Ama Antalya’da, benim gözlediğim kadarıyla, üretici birlikleri yeteri kadar güçlü değiller. Üretici ister istemez ya tüccar karşısında güçsüz kalıyor ve tüccarın taleplerine boyun eğiyor veyahut malın gerçek değeri dışında, normal piyasa değerinin altında satmak zorunda kalıyor.
“ÇİFTÇİYLE TÜCCARI BİREYSEL OLARAK KARŞI KARŞIYA GETİRMEK ÇİFTÇİNİN ALEYHİNEDİR”
Başka bir sorun da Antalya’da bana göre piyasamızdaki çek olayı. Bütün işler çekle yürüyor! Yani bu kadar çok çek dönen bir ortamda ticaret zordur. Ödemelerde yaşanabilecek herhangi bir olumsuzlukta zincirleme etkileşimler oluyor. Bu da piyasayı ciddi manada sıkıntıya sokuyor. Yani Antalya’da bu ciddi bir sorun. Karşılığı var mı, yok mu arayan soran yok! Çiftçinin ürününü topluyorsun, alıyorsun, pazarlığını yapıyorsun al sana bir çek; 3 ay sonraya! 3 ay sonra ara ki bulasın! Çekin de karşılığı yok! Tabi ki iyi niyetli kişi ve kurumları ayrı tutuyorum. Üretici kendi birliğini oluşturursa, domatesçi domates birliği, narenciyeci narenciye birliğini, biz hem malımızı değerinden satma imkânı kazanırız; hem de en azından bu alıcılar, karşılarında ciddi tüzel kişilikler görürler.

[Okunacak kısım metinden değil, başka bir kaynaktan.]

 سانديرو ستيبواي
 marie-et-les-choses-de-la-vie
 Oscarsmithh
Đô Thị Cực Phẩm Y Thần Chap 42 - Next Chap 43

Yani, çiftçiyle tüccarı bireysel olarak karşı karşıya getirmek çiftçinin hep aleyhine olmuştur. Ama çiftçinin kurduğu birlikleri, tüzel kişilikleri biz tüccarla, büyük alış veriş merkezleriyle, hal ile ihracatçılarla muhatap edersek biraz daha kurumsal muhatap bulurlar ve çiftçiye de inanıyorum ki bunlar olumlu manada yansır. Bu kurumsallık, her açıdan üretimin kalitesini ve verimini de arttırır.

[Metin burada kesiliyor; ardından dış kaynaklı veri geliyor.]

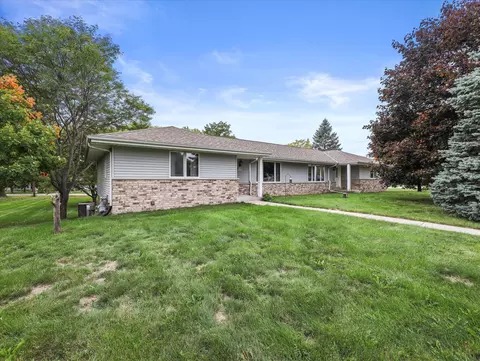 s63w18551 College #W63W18553, Muskego, WI 53150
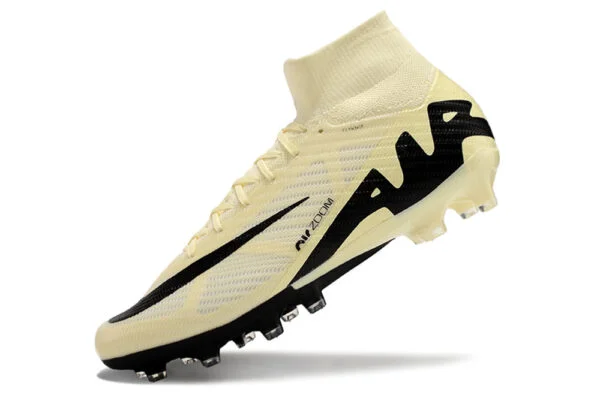 Mercurial Superfly 9 Elite AG - obrazek 2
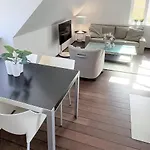 5 Star In Skagen-by Traum *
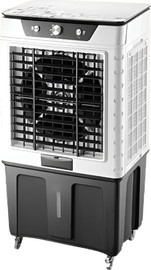 Muller מצנן 65 ליטר מכני מולר דגם ACS-8600B MULLER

Birlik olunca tabi girdi maliyetlerinde de avantaj sağlama imkânı olacaktır…
Tabi, bu ürün fiyatını da uygun hale getirecek! Aracıların, komisyoncunun kâr marjları makul düzeylere inecek, dolayısıyla tüketici de yani bizler de daha uygun fiyatlara ürün tüketme imkânına sahip olacağız, diye düşünüyorum. Çiftçi her şeyin en güzeline layıktır.